[Work instruction]: First find the line containing "Vintage Tea Cup" in the data, then set it down exactly along with every line after it, through the last.

Start of Extracted data

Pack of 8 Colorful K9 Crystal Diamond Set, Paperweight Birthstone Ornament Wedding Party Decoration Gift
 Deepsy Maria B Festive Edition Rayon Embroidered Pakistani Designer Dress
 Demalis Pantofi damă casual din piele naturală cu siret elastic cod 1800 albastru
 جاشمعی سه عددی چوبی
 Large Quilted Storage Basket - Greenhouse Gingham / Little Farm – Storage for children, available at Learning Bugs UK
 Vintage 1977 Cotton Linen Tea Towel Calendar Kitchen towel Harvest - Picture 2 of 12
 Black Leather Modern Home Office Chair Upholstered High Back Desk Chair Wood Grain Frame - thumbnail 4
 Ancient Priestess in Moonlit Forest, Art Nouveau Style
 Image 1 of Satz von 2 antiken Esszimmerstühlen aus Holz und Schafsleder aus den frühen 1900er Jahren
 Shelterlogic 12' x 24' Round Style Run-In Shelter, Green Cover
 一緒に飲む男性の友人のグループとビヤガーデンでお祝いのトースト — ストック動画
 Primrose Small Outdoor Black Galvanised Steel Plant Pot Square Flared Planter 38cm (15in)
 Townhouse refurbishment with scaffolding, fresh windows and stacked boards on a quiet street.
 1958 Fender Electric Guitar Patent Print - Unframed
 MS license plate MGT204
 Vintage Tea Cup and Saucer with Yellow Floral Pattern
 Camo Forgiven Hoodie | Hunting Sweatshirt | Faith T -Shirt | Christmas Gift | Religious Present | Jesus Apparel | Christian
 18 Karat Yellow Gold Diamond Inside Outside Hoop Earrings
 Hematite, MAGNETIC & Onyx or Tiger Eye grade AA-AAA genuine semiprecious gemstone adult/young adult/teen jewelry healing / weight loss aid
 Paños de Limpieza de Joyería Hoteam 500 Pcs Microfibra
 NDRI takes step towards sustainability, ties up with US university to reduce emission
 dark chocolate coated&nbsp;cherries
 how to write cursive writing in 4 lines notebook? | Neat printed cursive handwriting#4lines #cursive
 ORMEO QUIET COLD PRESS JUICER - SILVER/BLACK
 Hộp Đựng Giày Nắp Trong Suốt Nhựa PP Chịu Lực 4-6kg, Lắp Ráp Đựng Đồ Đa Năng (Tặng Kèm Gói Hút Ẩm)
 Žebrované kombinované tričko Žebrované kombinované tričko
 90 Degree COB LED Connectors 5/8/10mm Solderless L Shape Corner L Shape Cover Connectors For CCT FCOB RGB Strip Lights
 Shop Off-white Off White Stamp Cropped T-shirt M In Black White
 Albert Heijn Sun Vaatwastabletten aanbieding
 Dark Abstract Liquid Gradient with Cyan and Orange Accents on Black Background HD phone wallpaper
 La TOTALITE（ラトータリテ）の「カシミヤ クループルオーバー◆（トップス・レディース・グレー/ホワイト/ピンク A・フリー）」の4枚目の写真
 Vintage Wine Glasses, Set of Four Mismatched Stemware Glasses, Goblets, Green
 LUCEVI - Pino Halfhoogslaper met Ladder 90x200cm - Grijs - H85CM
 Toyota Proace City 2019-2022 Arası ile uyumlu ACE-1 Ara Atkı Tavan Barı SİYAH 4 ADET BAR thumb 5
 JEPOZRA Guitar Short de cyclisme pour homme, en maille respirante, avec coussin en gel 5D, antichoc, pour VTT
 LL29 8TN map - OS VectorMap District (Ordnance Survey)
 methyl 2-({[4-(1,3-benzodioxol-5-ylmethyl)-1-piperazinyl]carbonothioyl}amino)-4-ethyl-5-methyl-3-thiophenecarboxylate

End of Extracted data

[Written solution]:
 Vintage Tea Cup and Saucer with Yellow Floral Pattern
 Camo Forgiven Hoodie | Hunting Sweatshirt | Faith T -Shirt | Christmas Gift | Religious Present | Jesus Apparel | Christian
 18 Karat Yellow Gold Diamond Inside Outside Hoop Earrings
 Hematite, MAGNETIC & Onyx or Tiger Eye grade AA-AAA genuine semiprecious gemstone adult/young adult/teen jewelry healing / weight loss aid
 Paños de Limpieza de Joyería Hoteam 500 Pcs Microfibra
 NDRI takes step towards sustainability, ties up with US university to reduce emission
 dark chocolate coated&nbsp;cherries
 how to write cursive writing in 4 lines notebook? | Neat printed cursive handwriting#4lines #cursive
 ORMEO QUIET COLD PRESS JUICER - SILVER/BLACK
 Hộp Đựng Giày Nắp Trong Suốt Nhựa PP Chịu Lực 4-6kg, Lắp Ráp Đựng Đồ Đa Năng (Tặng Kèm Gói Hút Ẩm)
 Žebrované kombinované tričko Žebrované kombinované tričko
 90 Degree COB LED Connectors 5/8/10mm Solderless L Shape Corner L Shape Cover Connectors For CCT FCOB RGB Strip Lights
 Shop Off-white Off White Stamp Cropped T-shirt M In Black White
 Albert Heijn Sun Vaatwastabletten aanbieding
 Dark Abstract Liquid Gradient with Cyan and Orange Accents on Black Background HD phone wallpaper
 La TOTALITE（ラトータリテ）の「カシミヤ クループルオーバー◆（トップス・レディース・グレー/ホワイト/ピンク A・フリー）」の4枚目の写真
 Vintage Wine Glasses, Set of Four Mismatched Stemware Glasses, Goblets, Green
 LUCEVI - Pino Halfhoogslaper met Ladder 90x200cm - Grijs - H85CM
 Toyota Proace City 2019-2022 Arası ile uyumlu ACE-1 Ara Atkı Tavan Barı SİYAH 4 ADET BAR thumb 5
 JEPOZRA Guitar Short de cyclisme pour homme, en maille respirante, avec coussin en gel 5D, antichoc, pour VTT
 LL29 8TN map - OS VectorMap District (Ordnance Survey)
 methyl 2-({[4-(1,3-benzodioxol-5-ylmethyl)-1-piperazinyl]carbonothioyl}amino)-4-ethyl-5-methyl-3-thiophenecarboxylate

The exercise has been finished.